Team-based training using crisis resource management (CRM) has gained popularity as a strategy to minimize the impact of medical error during critical events. The purpose of this review was to appraise and summarize the design, implementation, and efficacy of peer-reviewed, simulation-based CRM training programs for postgraduate trainees (residents).

METHODS:

Two independent reviewers conducted a structured literature review, querying multiple medical and allied health databases from 1950 to May 2010 (MEDLINE, EMBASE, CINAHL, EBM, and PsycINFO).
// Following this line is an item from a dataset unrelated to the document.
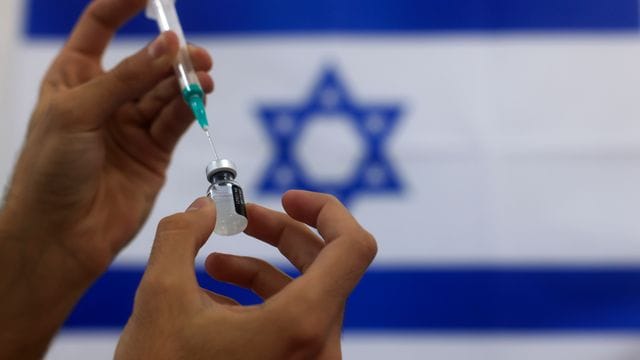 In Israel haben fast 5,7 Millionen der 9,3 Millionen Landesbewohner haben bereits eine erste Corona-Impfung erhalten. In Israel haben fast 5,7 Millionen der 9,3 Millionen Landesbewohner haben bereits eine erste Corona-Impfung erhalten.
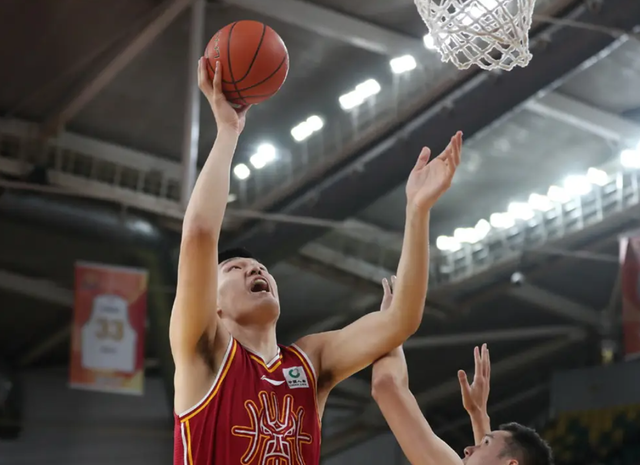 连续2场0分！单场25+15神塔变废塔 主教练未用好他？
We included articles that (1) were written in English, (2) were published in peer-reviewed journals, (3) included residents, (4) contained a simulation component, and (5) included a team-based component. Peer-reviewed articles describing the implementation of CRM instruction were critically appraised using the Kirkpatrick framework for evaluating training programs.

RESULTS:

Fifteen studies involving a total of 404 residents met inclusion criteria; most studies reported high resident satisfaction for CRM training. In several CRM domains, residents demonstrated significant improvements after training, which did not decay over time. With regard to design, oral feedback may be equivalent to video feedback and single-day interventions may be as efficacious as multiple-day interventions for residents. No studies demonstrated a link between simulation-based CRM training and performance during real-life critical events.

CONCLUSIONS:

The findings support the utility of CRM programs for residents. A high degree of satisfaction and perceived value reflect robust resident engagement. The iteration of themes from our review provides the basis for the development of best practices in curricula design. A dearth of well-designed, randomized studies preclude the quantification of impact of simulation-based training in the clinical environment.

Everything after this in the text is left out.